THE INPUT
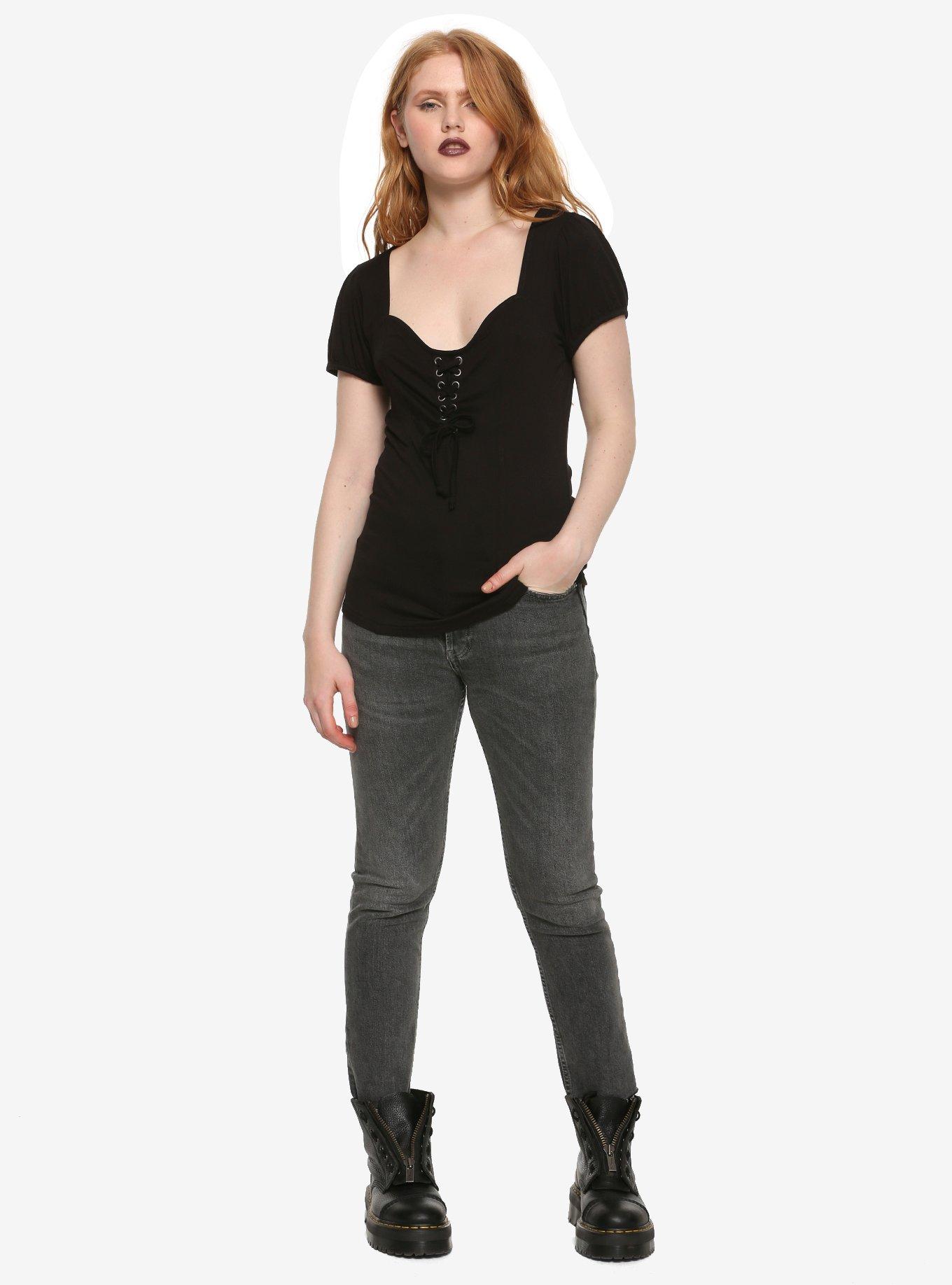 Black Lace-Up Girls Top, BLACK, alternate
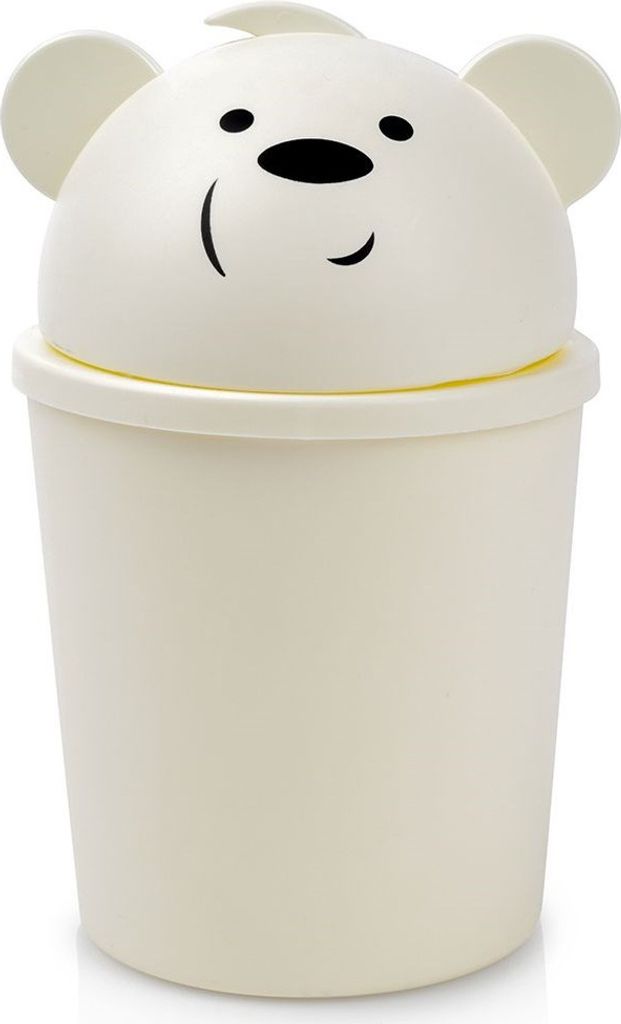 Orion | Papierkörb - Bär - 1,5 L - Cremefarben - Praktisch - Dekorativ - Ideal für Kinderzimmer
...
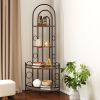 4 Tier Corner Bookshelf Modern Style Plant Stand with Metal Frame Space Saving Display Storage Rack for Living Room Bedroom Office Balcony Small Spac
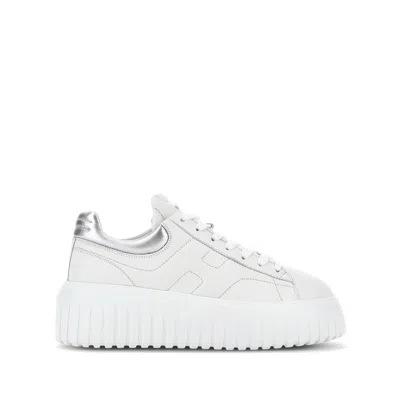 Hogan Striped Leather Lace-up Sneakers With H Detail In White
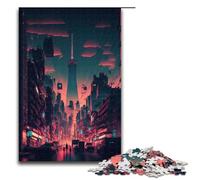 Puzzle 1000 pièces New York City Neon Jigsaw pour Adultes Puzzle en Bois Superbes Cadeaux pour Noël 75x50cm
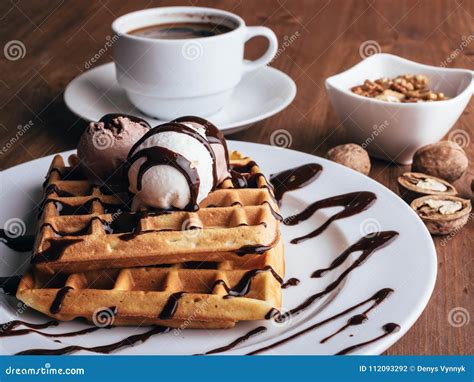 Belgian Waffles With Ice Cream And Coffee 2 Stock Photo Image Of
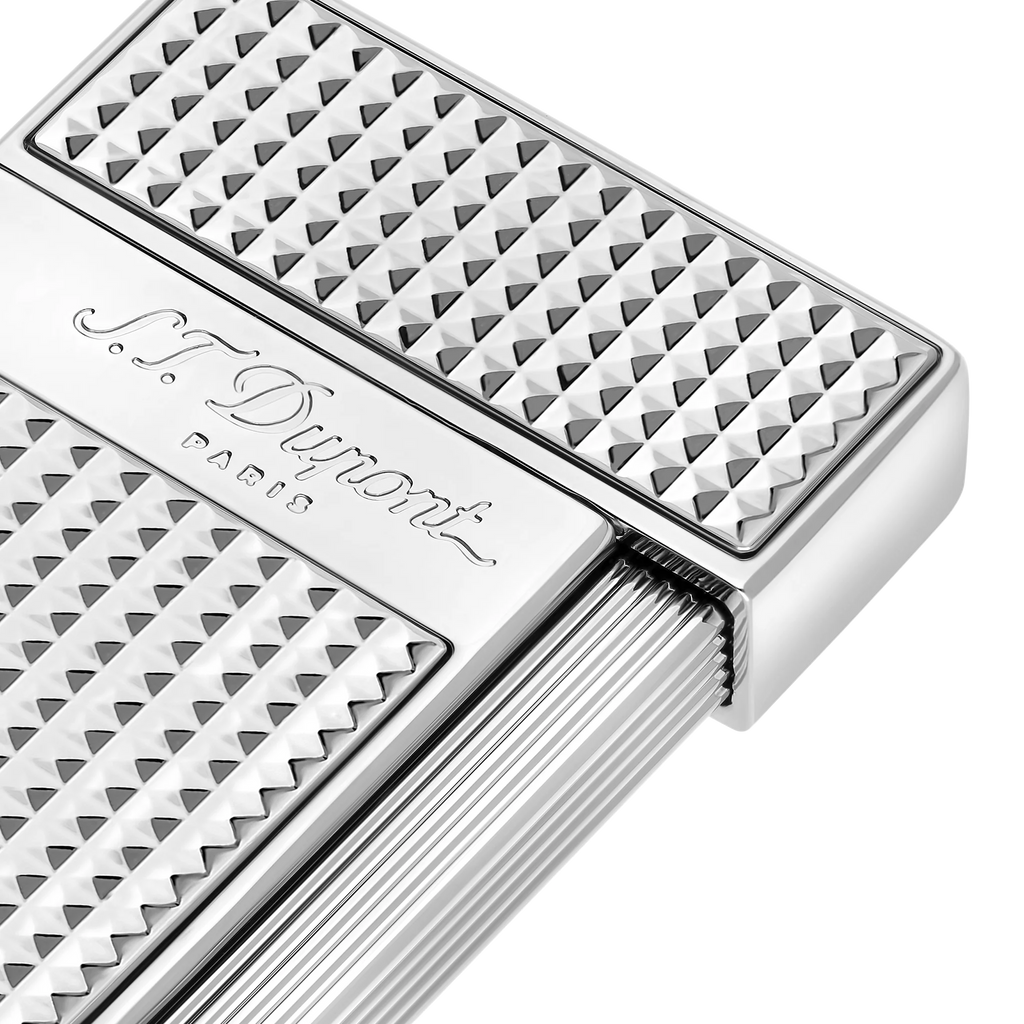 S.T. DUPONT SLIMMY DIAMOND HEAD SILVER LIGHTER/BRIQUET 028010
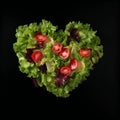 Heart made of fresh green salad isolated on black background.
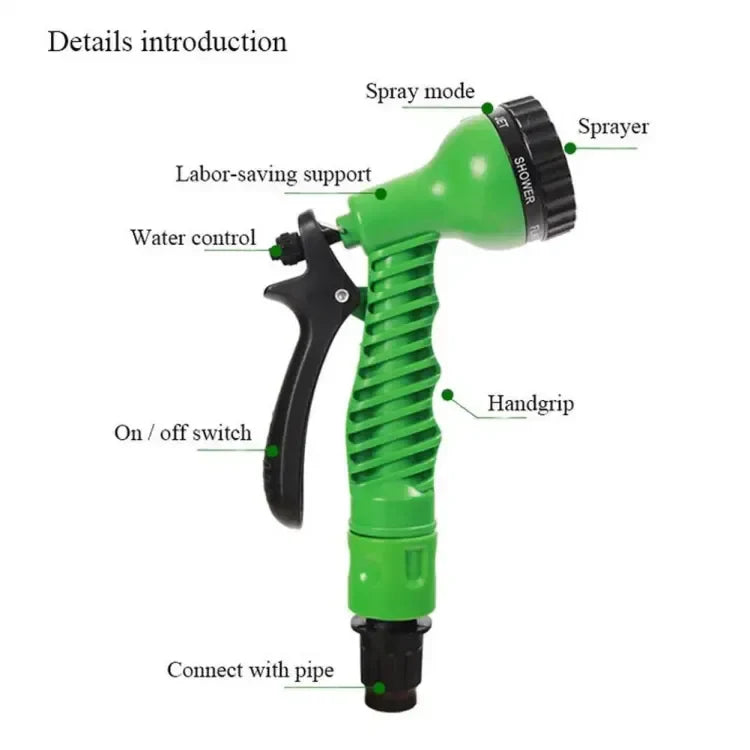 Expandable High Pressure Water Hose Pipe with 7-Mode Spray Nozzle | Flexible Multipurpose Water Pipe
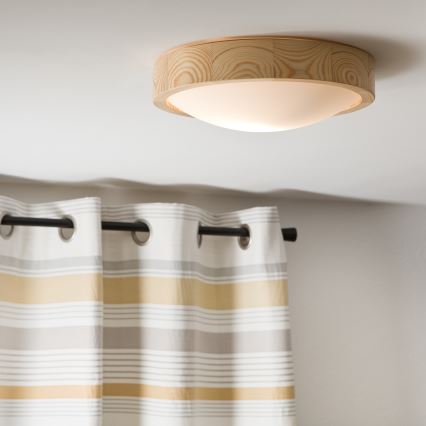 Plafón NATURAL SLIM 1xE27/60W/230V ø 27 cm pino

PROBLEM TO SOLVE
Only the lines above from the one with "Black Lace-Up Girls Top, BLACK, alternate" to the one with "Orion | Papierkörb" should be printed, both included and exactly as written; no picture belongs in the copy.

EXERCISE OUTPUT
 Black Lace-Up Girls Top, BLACK, alternate
 Orion | Papierkörb - Bär - 1,5 L - Cremefarben - Praktisch - Dekorativ - Ideal für Kinderzimmer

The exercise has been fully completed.